親日派を擁護してきた人物が独立記念館長に任命され、独立運動家団体が記念式への不参加を宣言するなど、光復節79周年の意味が色あせた中、せめて映画館で植民地の歴史の正しい認識が見られるというのは小さな慰めだ。1923年の関東大震災直後に発生した朝鮮人虐殺と、日帝強占期に日本に出稼ぎに行った幼い女工たちに光を当てた2編のドキュメンタリーが公開される。

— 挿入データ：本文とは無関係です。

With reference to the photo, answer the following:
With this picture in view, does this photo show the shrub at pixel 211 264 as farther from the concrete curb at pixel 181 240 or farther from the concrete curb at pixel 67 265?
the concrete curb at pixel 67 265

6661対233。関東大震災後、当時の上海臨時政府の発表した、虐殺された韓国人の数と、日本政府が発表したそれだ。この差は解放後も、植民地の歴史に対する認識の違いとして今に至るまで続いている。233という数は単にわい小化のみを意味するものではない。2017年に日本の安倍晋三首相は、関東大虐殺に日本政府が関与したことを把握しうるいかなる記録も発見されていないと述べている。
キム・テヨン、チェ・ギュソクの両監督が共同演出した「1923関東大虐殺」は、日本がわい小化した当時の惨状と共に、日本政府の責任を確認しうる日本国内の資料を公開する。キム監督は、韓日近代写真収集家のチョン・ソンギルさんに見せられた1枚の写真、当時横浜に停泊していた英国海軍の軍人が撮った凄惨な虐殺写真を見て衝撃を受け、映画を企画した。

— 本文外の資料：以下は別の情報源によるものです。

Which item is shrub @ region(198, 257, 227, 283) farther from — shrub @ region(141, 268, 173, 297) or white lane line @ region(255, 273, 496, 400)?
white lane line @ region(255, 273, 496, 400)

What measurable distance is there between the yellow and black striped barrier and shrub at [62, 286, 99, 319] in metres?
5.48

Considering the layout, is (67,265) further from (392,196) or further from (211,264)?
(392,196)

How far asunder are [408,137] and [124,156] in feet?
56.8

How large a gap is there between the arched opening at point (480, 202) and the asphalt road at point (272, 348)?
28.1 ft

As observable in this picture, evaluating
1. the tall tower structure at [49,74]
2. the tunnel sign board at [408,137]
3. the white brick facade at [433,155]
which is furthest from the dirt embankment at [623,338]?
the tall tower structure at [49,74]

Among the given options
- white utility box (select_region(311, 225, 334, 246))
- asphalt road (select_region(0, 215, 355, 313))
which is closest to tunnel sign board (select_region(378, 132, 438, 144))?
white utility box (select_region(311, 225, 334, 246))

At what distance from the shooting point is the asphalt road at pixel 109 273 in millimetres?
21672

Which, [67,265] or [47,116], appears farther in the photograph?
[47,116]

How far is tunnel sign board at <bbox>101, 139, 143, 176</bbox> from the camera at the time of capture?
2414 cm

4年間、日本国内の歴史研究家と消し去られた歴史の痕跡を追跡する市民活動家たちを訪ね歩き、日本の防衛省に所蔵される軍の文献を閲覧することで、当時の資料を探し出した。研究者たちは、3・1運動などの朝鮮人の独立運動が大きくなったことで日本政府に生じた恐怖が、関東大震災後に事実上民間虐殺を誘導する政府発の流言飛語として発現したと証言する。映画は、地震直後に内務省の警保局長が各地方長官(知事)に対して送った「地震を利用し、朝鮮人は各所に放火し、不逞(ふてい)の目的を遂行せんとし」との電報を示す。うそをねつ造して民間人を扇動したのだ。
当時、朝鮮人を体系的にえり分けて生きたまま焼き殺すなど、虐殺現場を見た人々は日記に、軍人や警察官が現場にいたことを残してもいる。映画は公式資料、個人の日記、報告書、証言集などを探し出すとともに、当時の米国の新聞や政府の文書まで公開し、当時日本がどれほど組織的に朝鮮人を虐殺し真実を隠ぺいしてきたのかを検証する。15日公開。
今月7日に公開された「朝鮮人女工の歌」(イ・ウォンシク監督)は、これまであまり知られていなかった、日本で働いていた女工たちを扱った映画だ。1910年代から貧しい家族を食べさせるために、または親に従って大阪行きの船に乗った10~20代の女性たちが、つらい労働をしながら生活した紡織工場の記憶を追う。今は90歳を超えた証言者たちの証言とともに、映画は資料集などに残された女工たちの記憶を俳優たちが朗読するというやり方で当時を再現する。映画「帰郷」(2016)に出演した在日同胞4世のカン・ハナら、当時の女工と同年代の俳優たちが参加し、22人の声をスクリーンに載せている。
厳しい労働、非人間的な待遇、非衛生的な環境で苦しむ暮らしではあったものの、「朝鮮人女工の歌」は当時の女工たちを時代の犠牲者として描いてはいない。食べる物がなくて日本人が捨てた牛や豚の内臓を食べたため「ブタ」と嘲笑され、朝鮮人男性管理者たちの団体「相愛会」に二重に搾取され、不当な労働条件にストライキで立ち向かった朝鮮女工たちの強じんで主体的な生活は、日帝強占期の朝鮮女性を扱ったドキュメンタリーとして一歩先を行く成就を示すとともに、深い余韻を残す。